Roosje werd iedere dag nog verdrietiger. Ze huilde 's avonds in bed, ze voelde zich zo alleen.
Op een avond lag ze diep onder haar deken verborgen omdat ze niet wilde dat haar mama haar zou horen. Haar kussen was kletsnat van de vele tranen. Plots hoorde ze iets, een heel zacht geluid bij het raam.
Tik tik.
Dan volgde er een lange pauze. Zo lang dat Roosje dacht dat ze het zich had ingebeeld. Wie zou er nu op een hoogte van drie verdiepingen op haar slaapkamerraam tikken? Dat was toch veel te gevaarlijk?
Daar was het weer. Tik tik. En nog een keertje. Tik tik. Roosje ging rechtop zitten in bed. Er was echt iets aan de hand! Zou ze haar mama roepen? Maar de nieuwsgierigheid van het meisje was veel te groot om eerst nog op mama te wachten. Ze gooide het deken van haar af en stapte naar het raam. Een heel klein figuurtje met bijna onzichtbare vleugeltjes wou net nog een keer tegen het glas tikken.

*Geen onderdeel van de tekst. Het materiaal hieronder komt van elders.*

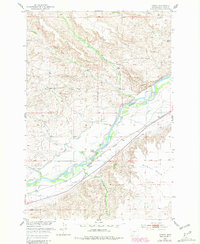 Carney 1951 topographic map thumbnail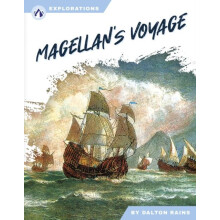 Magellans Voyage by Dalton Rains Paperback Book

Dat lijkt wel een elfje, dacht Roosje. Maar nee, dat kon toch niet, er bestaan toch helemaal geen elfjes? Die zie je alleen maar in sprookjes, maar nooit in het echt. En al zeker niet aan je slaapkamerraam.
Tik tik. Het elfje was er nog steeds, Roosje zag hoe ze flink over haar armpjes wreef. Het heeft het natuurlijk heel erg koud met dit natte weer. Voorzichtig deed Roosje het raam open, het elfje vloog meteen naar binnen.
'Dank je,' zei het elfje zachtjes en ging op de rand van het bed zitten. Roosje zei niets, ze zat daar alleen maar en staarde voor zich uit. Zoals steeds het geval was, kon ze geen woord over haar lippen krijgen. Ook niet tegen een elfje.
'Ik ben Brownie,' sprak het elfje en ze gooide wat engelenstof over Roosje heen.
'Ik ben Roosje,' zei Roosje tot haar eigen grote verrassing.
'Zie je wel, je kan praten.' Het elfje was verrukt.
'Tuurlijk wel,' fluisterde Roosje, 'maar normaal lukt dat alleen met mama.'
'Je praat nooit met iemand anders? Echt nooit, nergens? Niet op school, niet in de winkel, niet op straat?' Het elfje keek zo verbaasd en schrok zo hard dat ze van de rand van het bed viel, pardoes op de knuffelbeer van Roosje.
'Gaat het?' vroeg Roosje.
'Hou dat gevaarlijke beest uit mijn buurt!' Ze wees naar Teddy die met zijn donkerbruine kijkers recht in de richting van het elfje keek.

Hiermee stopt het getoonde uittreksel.